TASK DIRECTIONS =>
Write out, word for word, every line in the data below from the one containing "У Нікополі внаслідок" to the one containing "Hilton Garden Inn", both of them included.

INFORMATION =>
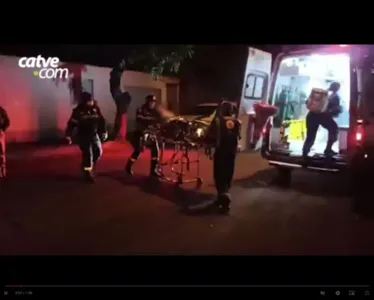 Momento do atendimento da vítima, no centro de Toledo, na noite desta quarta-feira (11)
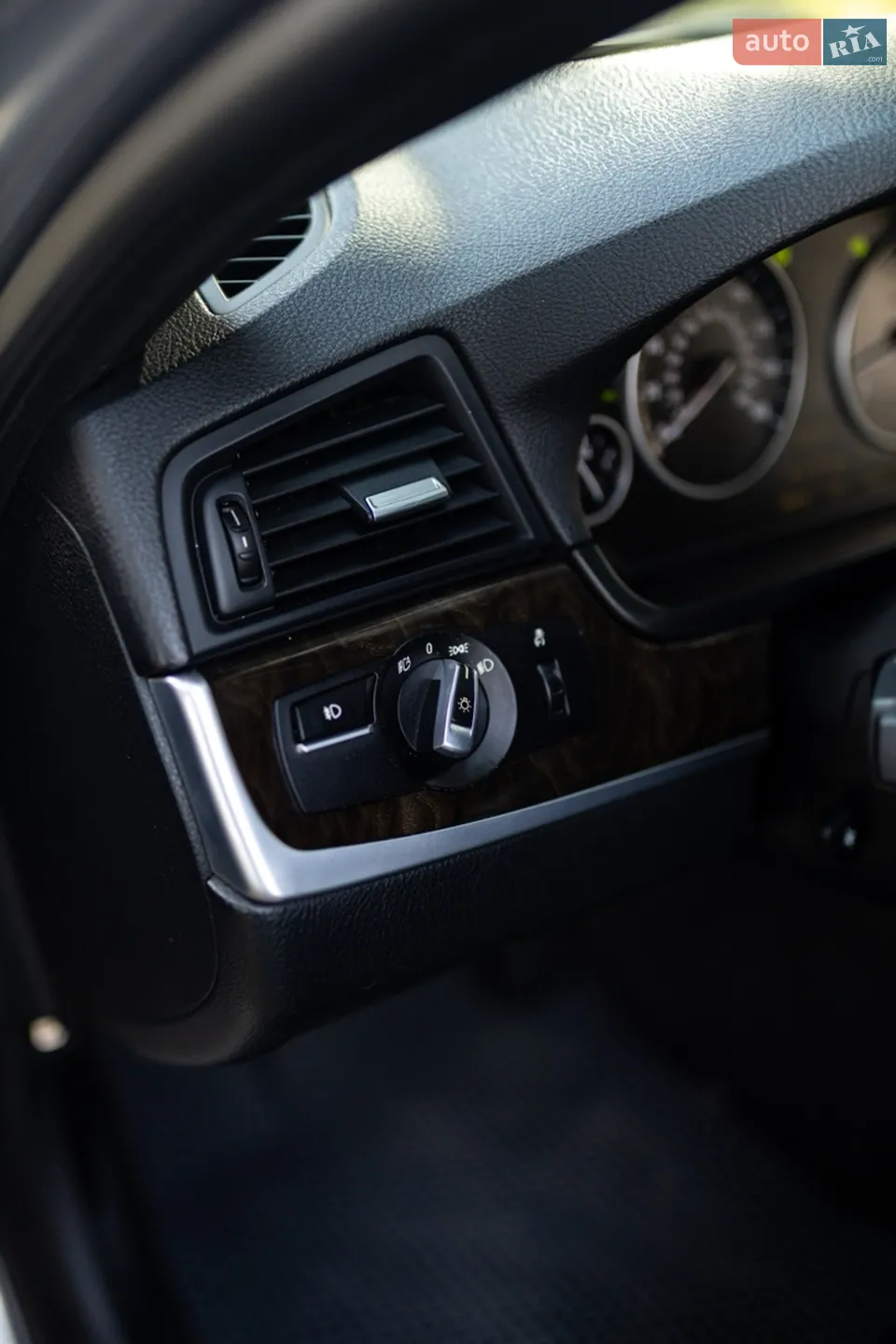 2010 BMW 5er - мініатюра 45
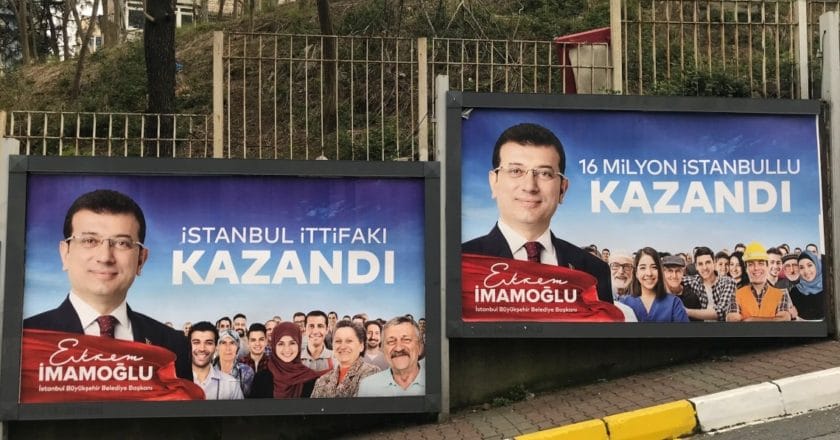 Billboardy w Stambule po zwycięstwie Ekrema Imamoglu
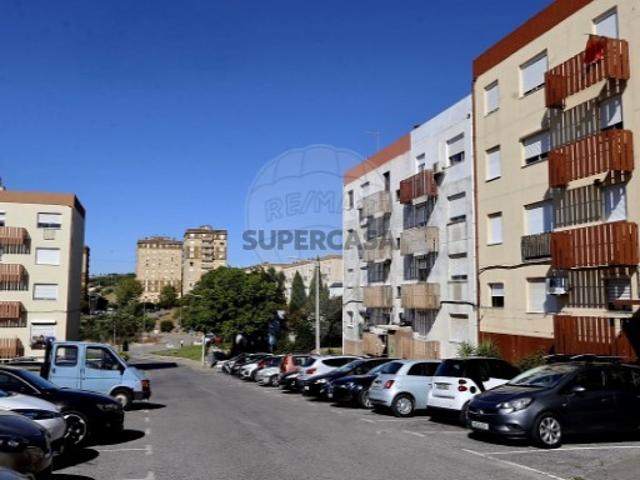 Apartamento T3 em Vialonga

* * *

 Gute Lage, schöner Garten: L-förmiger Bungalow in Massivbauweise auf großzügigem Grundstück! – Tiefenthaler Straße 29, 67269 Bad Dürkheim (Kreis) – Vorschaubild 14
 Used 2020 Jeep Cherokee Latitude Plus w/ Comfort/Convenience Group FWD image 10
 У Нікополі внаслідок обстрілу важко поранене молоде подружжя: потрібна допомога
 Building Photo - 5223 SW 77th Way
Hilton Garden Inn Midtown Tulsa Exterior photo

EXERCISE SOLUTION =>
 У Нікополі внаслідок обстрілу важко поранене молоде подружжя: потрібна допомога
 Building Photo - 5223 SW 77th Way
Hilton Garden Inn Midtown Tulsa Exterior photo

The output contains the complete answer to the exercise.